The general idea is that a pyspark function reads input from an input stream (we will use Kafka) and applies a model (or any transformation) and sends its output to an output stream.
Much of the complexity while going from batch to streaming setting is hidden behind the scenes letting data science professionals leverage this infrastructure to serve streaming requirements.
We will set up a streaming pipeline which fetches data from a Kafka topic, uses our prediction model and write the output to a new topic. And this is continuously run till terminated explicitly.
Another key benefit is that if we stop our pyspark code for changes or updates, the rest of the system need not be touched.

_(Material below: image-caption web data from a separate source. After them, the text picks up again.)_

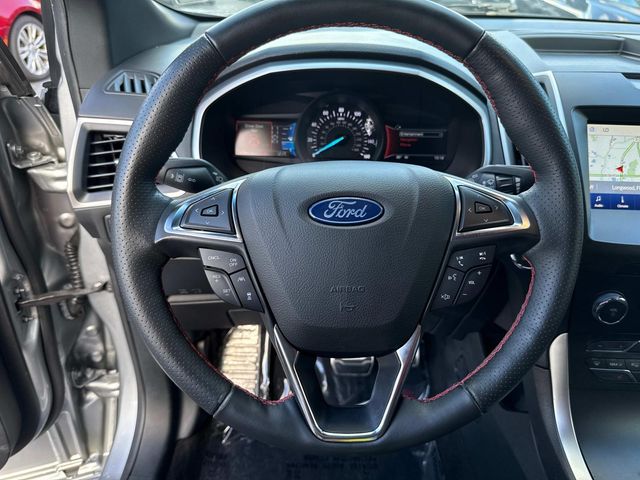 2020 Ford Edge ST photo 36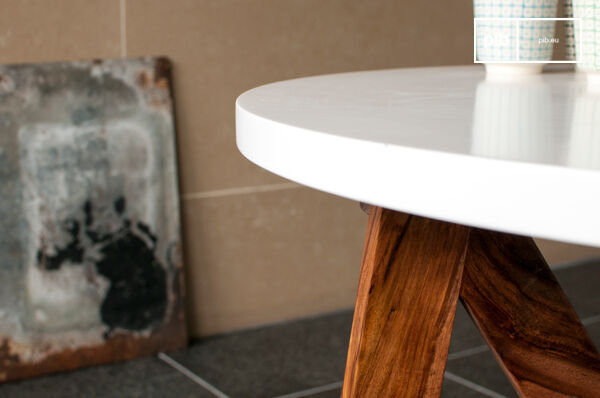 The W coffee table displays a particularly nice line with its feet made of solid wood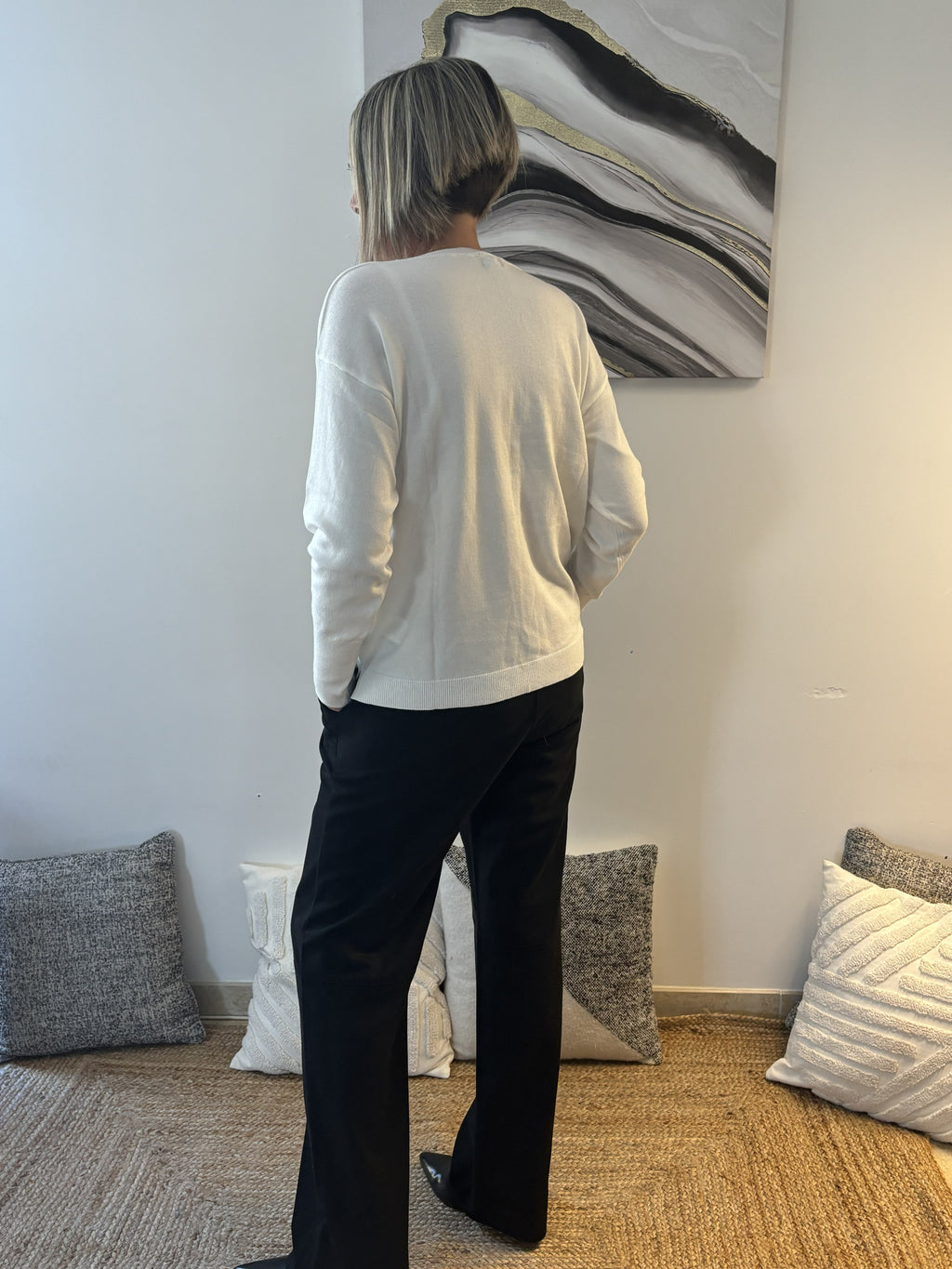 Pull laine blanc – Sobriété moderne, touche structurée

We will edit the Kafka config in config/server.properties to use the external IP. We can do this in the same screen session we had started Kafka process in. We should terminate it first using Ctrl+c
.
root@vultr:~/kafka_2.13-2.6.0# vim config/server.properties
Lets also allow incoming access to port 9092 (note that this is risky as we running as the root user).
root@vultr:~/kafka_2.13-2.6.0# ufw allow 9092
Rule added
Rule added (v6)
root@vultr:~/kafka_2.13-2.6.0# ufw status verbose
Status: active
Logging: on (low)
Default: deny (incoming), allow (outgoing), disabled (routed)
New profiles: skip
To Action From
-- ------ ----
22 ALLOW IN Anywhere
9092 ALLOW IN Anywhere
22 (v6) ALLOW IN Anywhere (v6)
9092 (v6) ALLOW IN Anywhere (v6)
root@vultr:~/kafka_2.13-2.6.0#
Now start the Kafka process as before.
We can check that access to Kafka works by using a local jupyter notebook (different from above!) and using the same code as before with the IP address explicitly specified.
We should be able to see the message on the consumer terminal we had set up earlier:
root@vultr:~/kafka_2.13-2.6.0# bin/kafka-console-consumer.sh --topic quickstart-events --from-beginning --bootstrap-server localhost:9092
Hello
Theja
["Hello from python", "Theja from python"]
{"name":"Theja"}
"external-ip"
Lets create a second topic to output our recommendations. Got to the terminal where did the describe step above.
root@vultr:~/kafka_2.13-2.6.0# bin/kafka-topics.sh --describe --topic quickstart-events --bootstrap-server localhost:9092
Topic: quickstart-events PartitionCount: 1 ReplicationFactor: 1 Configs: segment.bytes=1073741824
Topic: quickstart-events Partition: 0 Leader: 0 Replicas: 0 Isr: 0
Run the create topic command from above with a new topic name.
root@vultr:~/kafka_2.13-2.6.0# bin/kafka-topics.sh --create --topic recommendation-events --bootstrap-server localhost:9092
Created topic recommendation-events.
Login to Databricks and start a new notebook.
We will first test streaming.
quickstart-events
topic.recommendation-events
topic.We will reuse the code that trains the surprise-lib SVD model (essentially the basic matrix factorization) and then switch to making predictions given uid
from an upstream producer.
We produce a simple event such as {'uid':196}
from our local jupyter notebook (for example) and send it to the Kafka cluster as part of the first topic.
This is then read by the pyspark notebook consumer.
The top movies for the uid are then retrieved and then sent to the second topic in the Kafka cluster.
An app downstream can be a consumer of this message from Kafka.